Hofmann then had the trio of Park, Norris and Cheung play short excerpts from the suite before tackling the whole thing. Was Park going to be able to make it through the relentless angst of one of its most dramatic moments, using all of her impressive upper register with the phrase “Why me?” over and over again? Much as she visibly teared up, the power in her voice wouldn’t give in to defeat. Ultimately, both Park’s lyrics and Hofmann’s music were resolute in the face of challenges to faith and hope, pushing despair away and finally finding calm and sense of renewed optimism.

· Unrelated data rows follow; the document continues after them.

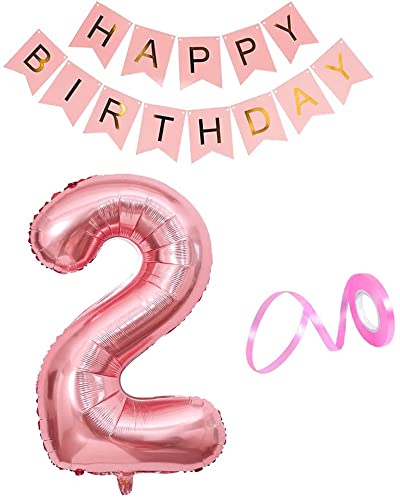 Luftballons Zahlen, Folienballon Geburtstag, XiXiRan Luftballons Geburtstag, Geburtstag Ballons, Zahl Geburtstagsdeko, Deko Haus Folienballons Buchstaben, 0-9 Digital Party Supplies (2, Pinke Rose) von XiXiRan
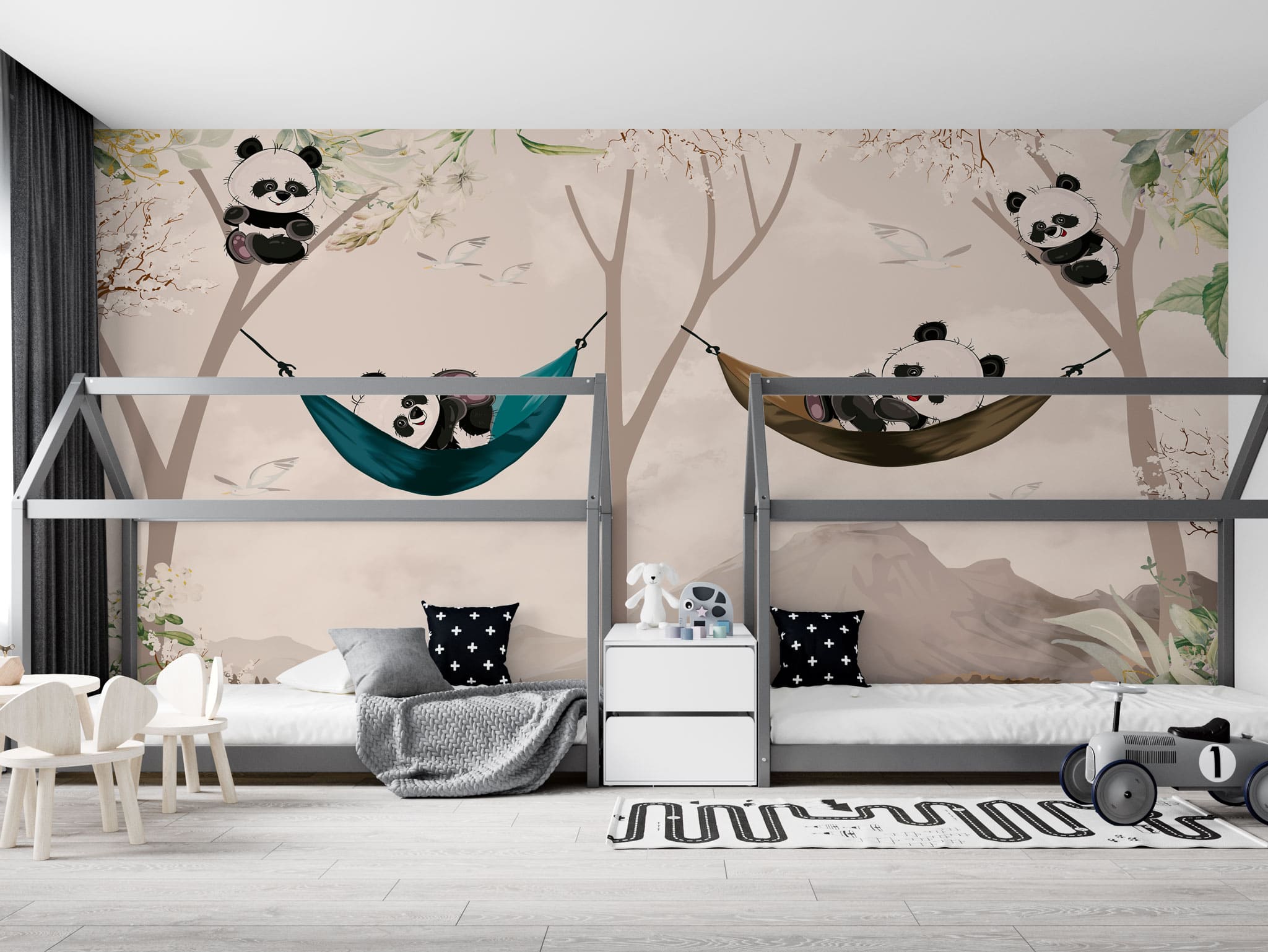 Tapet personalizat lumea animalelor pentru copii cu ursi panda in hamac intr un peisaj montan tropical panda's paradise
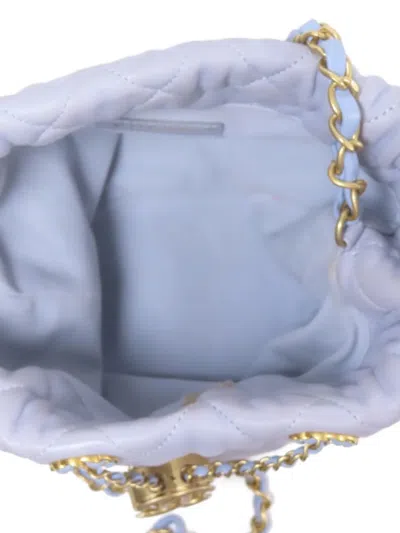 Pre-owned Chanel Cc Quilted Bucket Bag In Blue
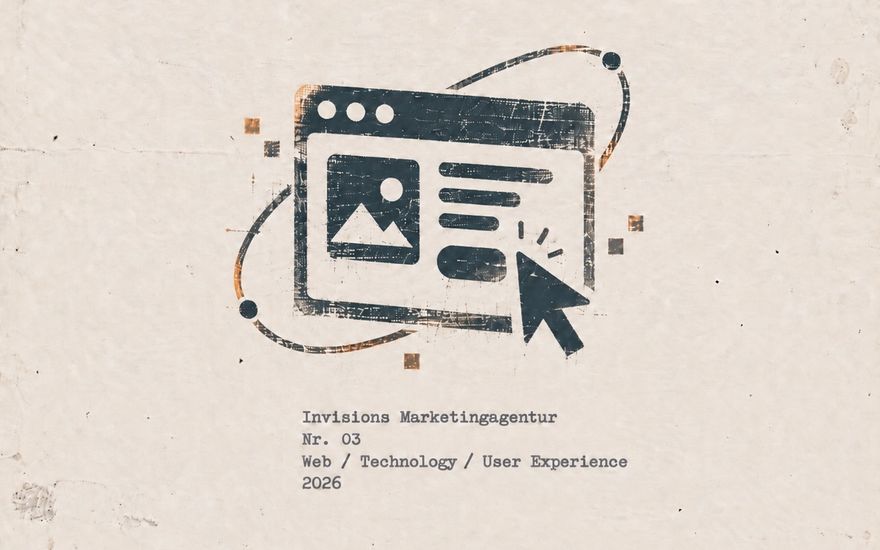 Druckgrafik auf vergilbtem Papier: ein gestempeltes Browserfenster mit Bildplatzhalter, Textzeilen und Mauszeiger, umkreist von einer schrägen Ellipse, dunkles Blau mit orangefarbenem Versatz, darunter getippt Invisions Marketingagentur, Nr. 03, Web / Technology / User Experience, 2026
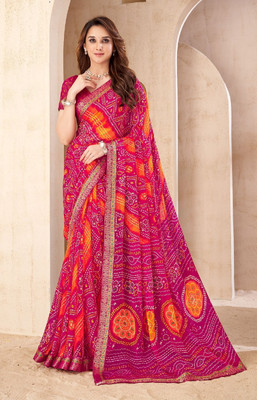 Swarne Digital Print Bandhani Chiffon Saree(Pink)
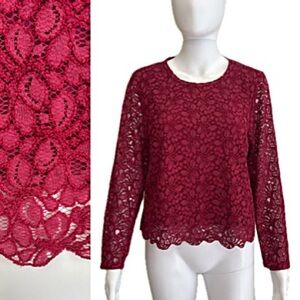 Aritzia Talula All Over Lace Long Sleeve Top Womens Size Large Burgundy Wine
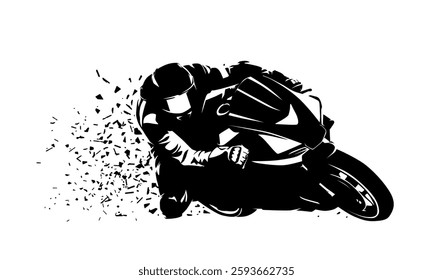 Moto racing logo, isolated vector silhouette with distortion effect. Motorcycle rider on road motorbike, high contrast clipart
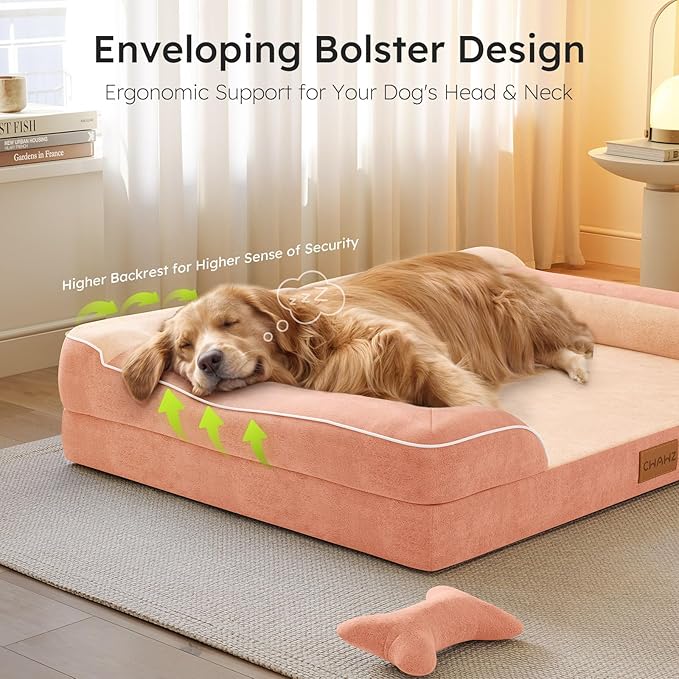 CWAWZ Dog Beds for Large Dogs, Orthopedic Dog Bed with Cooling Gel Memory Foam, Waterproof Large Pet Bed with Removable Washable Cover, 36" Pet Sofa Couch Dutch Velvet with Bone Toy, Peach Pink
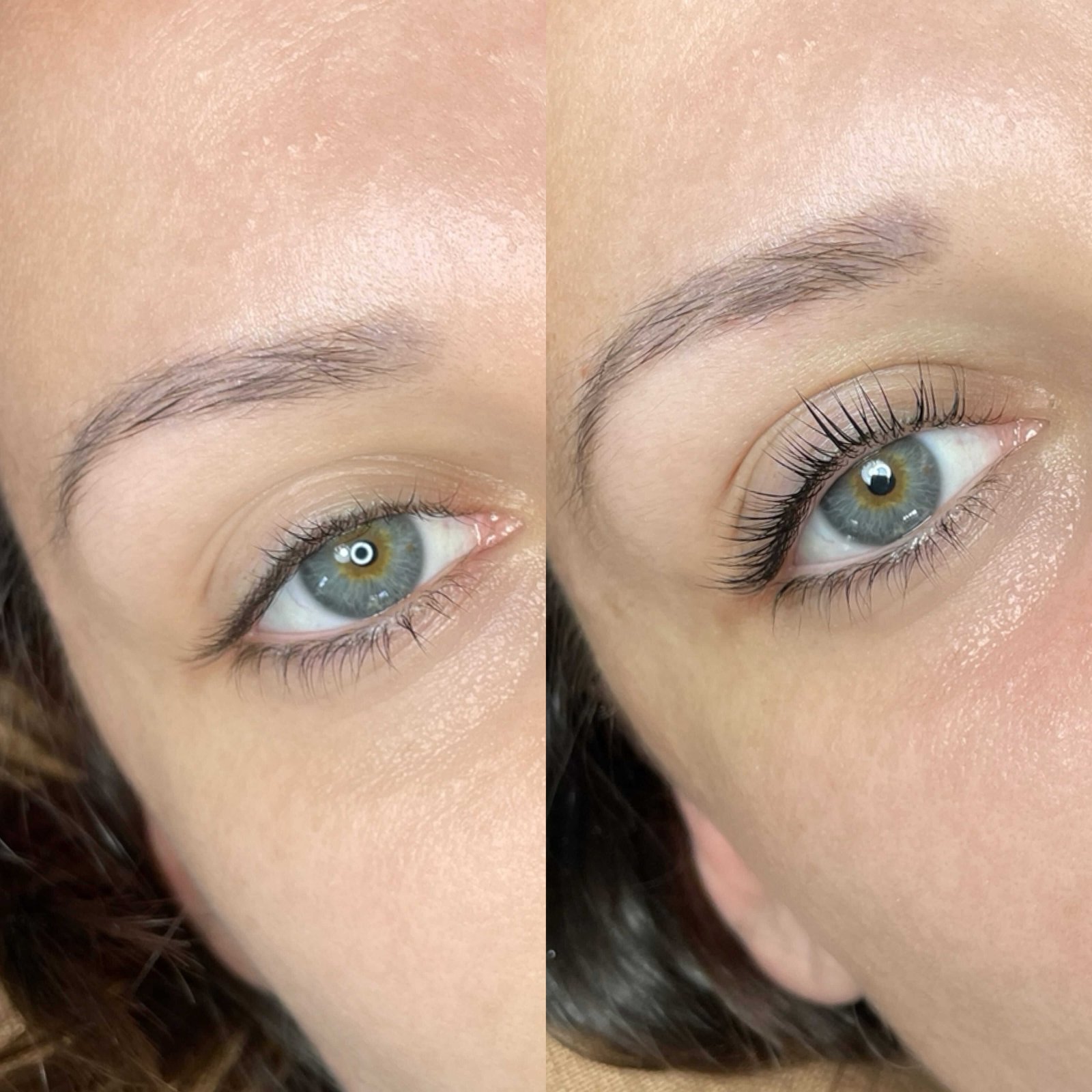 Extensions de cils volume naturel avant et après sur yeux bleus verts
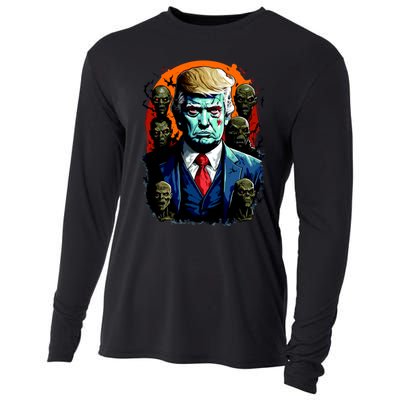 Donald Trump Halloween Silhouette With Zombies Cooling Performance Long Sleeve Crew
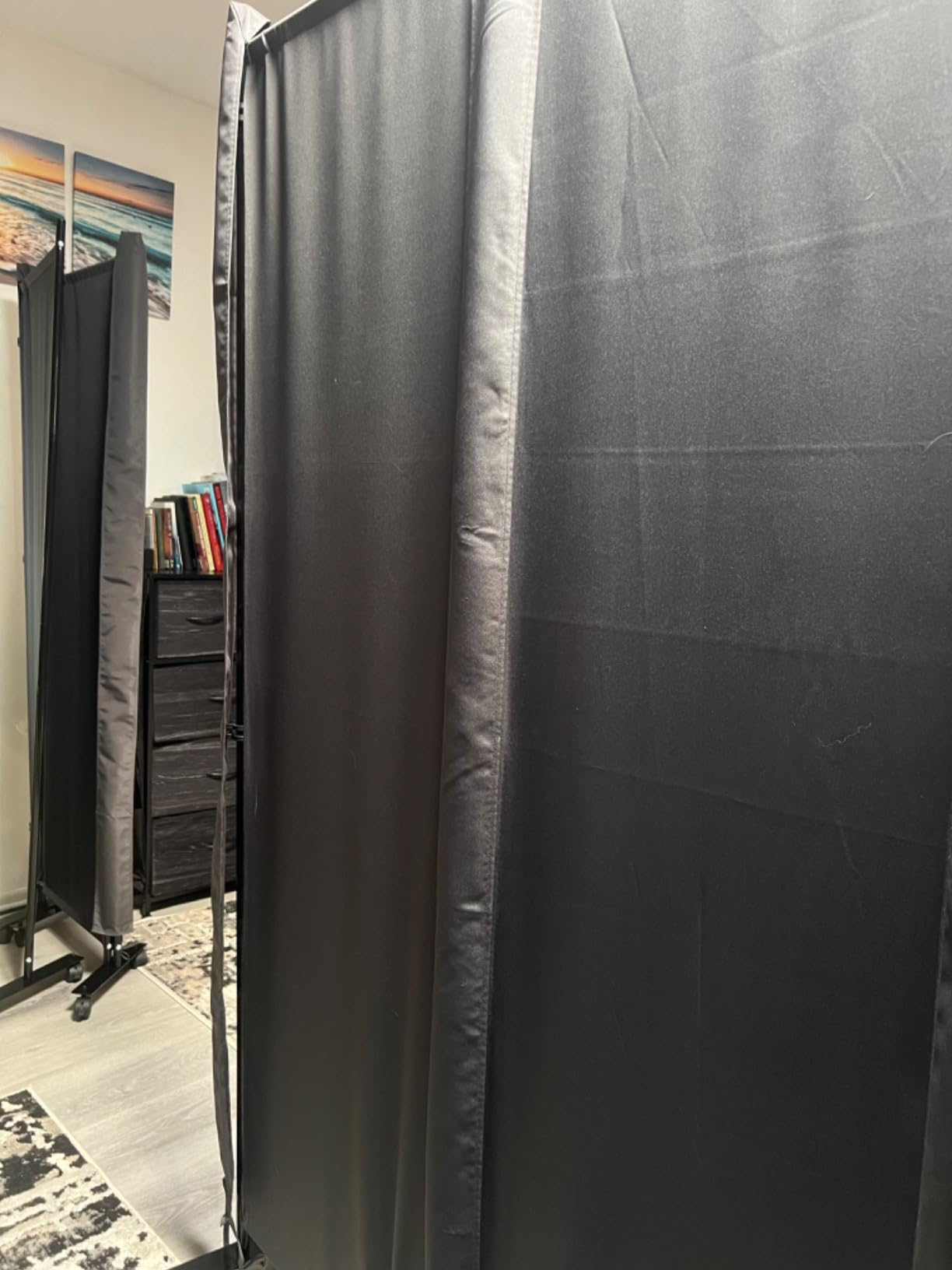 Kokorona 6 Panel Room Divider, 6FT Tall Rolling Privacy Screen with Lockable Wheels, Folding Wall Dividers Portable Room Divider for Room Separation, Included - Cover Strips, Grey, 119''W x 70''H customer photo 2
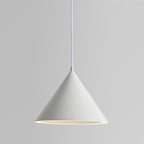 The Clérachic Funnel Pendant Light in white, hung on a matching white flex so shade and cord read as one unbroken line.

Water imagery, both musical and lyrical, was a central theme early on. Cheung shifted calmly from long, airy tones to brief, moody phrases in her midrange and lower: there were points at which she could have been playing a bass clarinet. Likewise, Norris walked a steady line between Hoffmann’s deft blend of terse neoromanticism and postminimalist acidity while Park held steady, only to rise to the rafters in three explosive peaks, the first to open the suite.
“Is motherhood selfish?” Park asked herself during a brief mid-concert Q&A. No, she’d decided. She didn’t address the idea head-on, but her concept of motherhood embraces children without Instagram status-grubbing or turning them into yuppie bling.
While the struggle to beat physical challenges to become a mother is seldom publicly discussed, it’s very common. And it’s hardly an exclusively female problem. Since the first atom bomb tests over seventy years ago, mens’ potency in terms of ability to conceive has diminished by almost fifty percent on a global level: toxic radionuclides have had a devastating effect. While she didn’t get into any kind of trouble on the male side of the equation, Park deserves enormous credit for having the courage to tackle an issue which, even while it impacts literally millions of people worldwide, is still seldom discussed in public, let alone onstage.